Introduction to Quantum Information Processing

Fall 2004

 

C&O 681 CS 667 PHYS 767 C&O 481 CS 467 PHYS 667

 

 

Instructors

Michele Mosca mmosca@iqc.ca

Richard Cleve cleve@iqc.ca

Raymond Laflamme  laflamme@iqc.ca

 

 

Teaching Assistants

Donny Cheung dccheung@iqc.ca

Carlos Perez caperezd@iqc.ca

 

  

Objectives

 

Quantum Information Processing (QIP) seeks to exploit the quantum features of Nature to provide a qualitatively different and more powerful way of processing information than "classical" physics seems to allow. This course aims to give a basic foundation in the field of quantum information processing (often just called "quantum computing"). QIP is a multidisciplinary subject and therefore this course will introduce fundamental concepts in theoretical computer science and physics that will enable students to pursue further study in various aspects of QIP.

 

Intended Audience

 

This course is intended for students majoring in CS, C&O or Physics, and is normally completed in a student's fourth year. It is intended to be accessible to students with either a CS/Math or Physics background with an interest in the physical and mathematical foundations of computation and/or the role of information in physics.

 

 

Prerequisites

 

A solid background in basic linear algebra (a strong performance in MATH235 or Phys364&365 should suffice) is necessary. Students will likely encounter at least one subject with which they have very little familiarity; this is expected. Familiarity with theoretical computer science or quantum mechanics will be an asset, though most students will not be familiar with both. The required background in both these areas will be presented in the course.

 

References

 

Quantum Computation and Quantum Information, by Nielsen and Chuang (Cambridge University Press)

 

Schedule

 

3 hours of lectures per week.

 

Draft Outline

 

General Introduction (3 hr)

Physics and information. Quantum superposition and interference. Quantum Bits, Gates and Registers.

 

Introduction to Quantum Mechanics (6 hrs)

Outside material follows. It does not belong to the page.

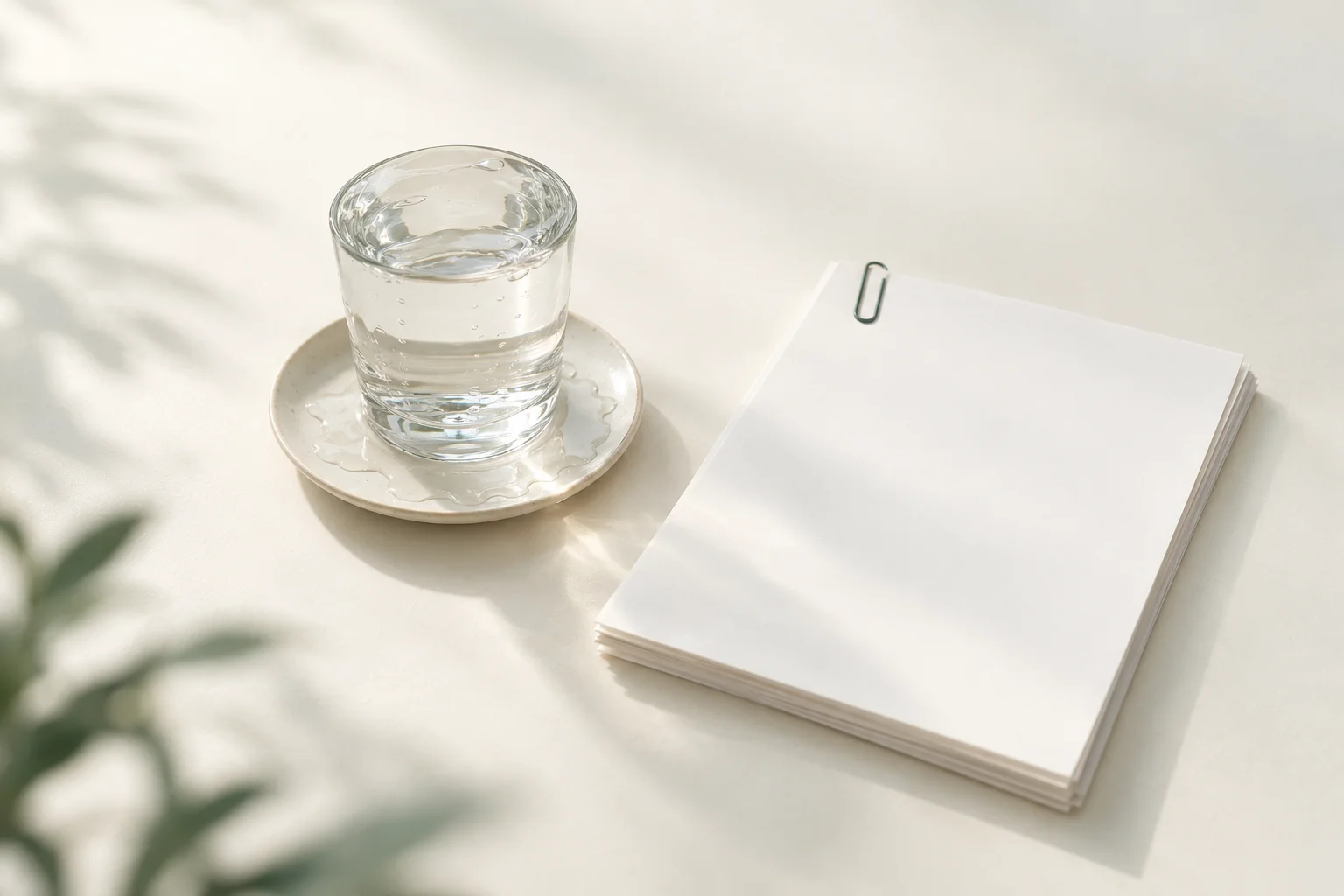 Illustration: randvolles Wasserglas, das auf die Untertasse überläuft, daneben ein ordentlicher Stapel leerer Blätter mit Büroklammer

Postulates of Quantum Mechanics. Density matrices. Bloch Sphere. Entanglement. Non-locality. Quantum teleportation.

 

Introduction to Computation and Computational Complexity (6 hrs)

Church-Turing thesis. Quantum Circuits. Universality. Basic complexity classes. NP-completeness.

 

Quantum Algorithms (9 hrs)

Basic algorithms. Quantum Fourier Transform. Phase estimation. Integer Factorization. Quantum searching.

 

Quantum Error Correction (3 hrs)

Quantum error-correcting codes.

 

Physical Realizations (3 hrs)

Implementations of quantum information processors. Examples of actual or proposed implementations.

 

Other Topics (6 hrs)

The course will cover additional topics of interest, including topics such as quantum communication complexity, quantum cryptography, and simulation of

quantum systems.

 

Evaluation

 

3 assignments (15% each)
1 mid-term exam (20%)
1 project  (35%)

 

(Undergraduate and graduates will be graded differently.)